Joan Smith, patient with systemic mastocytosis, discusses her diagnostic journey with systemic mastocytosis (SM).
SM is a rare disease, usually caused by mutations in the KIT D816V gene. The disorder is characterized by uncontrolled mast cell proliferation and activation across multiple organ systems. Indolent systemic mastocytosis accounts for approximately 90% of SM. Common symptoms may include anaphylaxis, maculopapular rash, pruritis, diarrhea, brain fog, fatigue and bone pain. Most adults present with skin lesions, usually in the form of urticaria pigmentosa.
Diagnostic Journey
Ms. Smith believes she’s had SM her entire life, citing symptoms sporadically appearing throughout childhood and early adulthood. However, it was not til her late 30s and early 40s that symptoms began to warrant her attention. That started when she awoke to an episode of gastrointestinal symptoms, flushing, rash, and tachycardia. That began a 16 year diagnostic journey.
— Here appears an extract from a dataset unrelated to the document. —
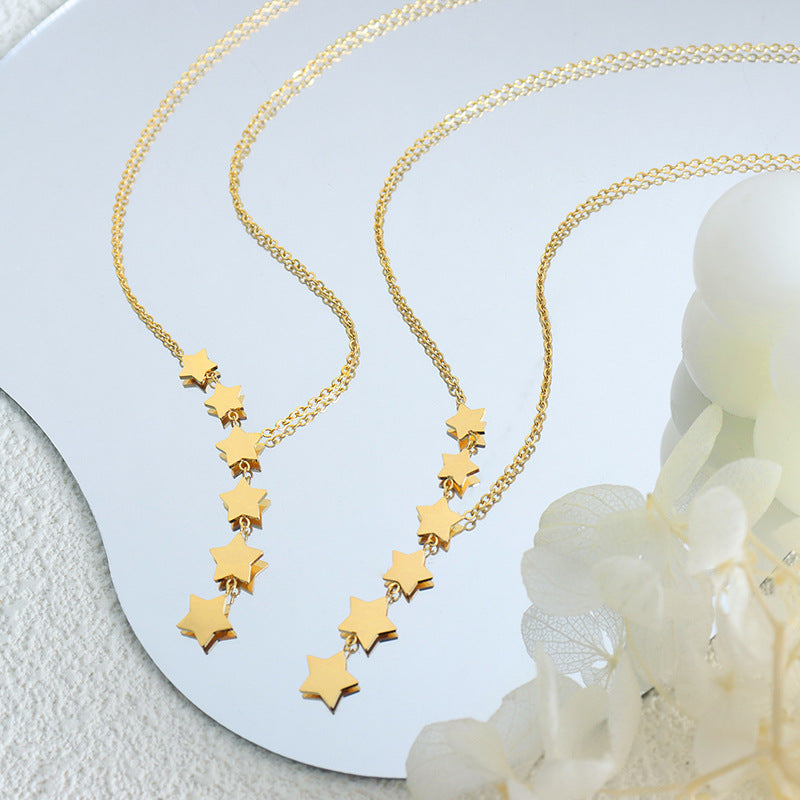 18K gold light luxury noble star with tassel design versatile necklace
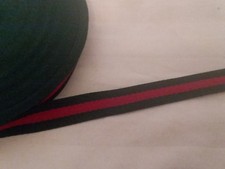 Gucci Style Cloth Ribbon Green-Red-Green 3/4" Wide By the Yard Christmas Ribbon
SM can be difficult to diagnose due to the heterogeneity of symptoms that mimic many other conditions. After that first episode, Ms. Smith thought that she just had an allergic reaction. Following a second episode three weeks later, she went to her primary care physician where bloodwork came back normal and she was referred to a psychiatrist. Determined to figure out what was actually causing her symptoms, Ms. Smith went to St. Louis to see an endocrinologist and allergist, who tested her tryptase levels (a biomarker of SM). However, her levels came back as a false negative for SM and she tested positive for a variety of allergens.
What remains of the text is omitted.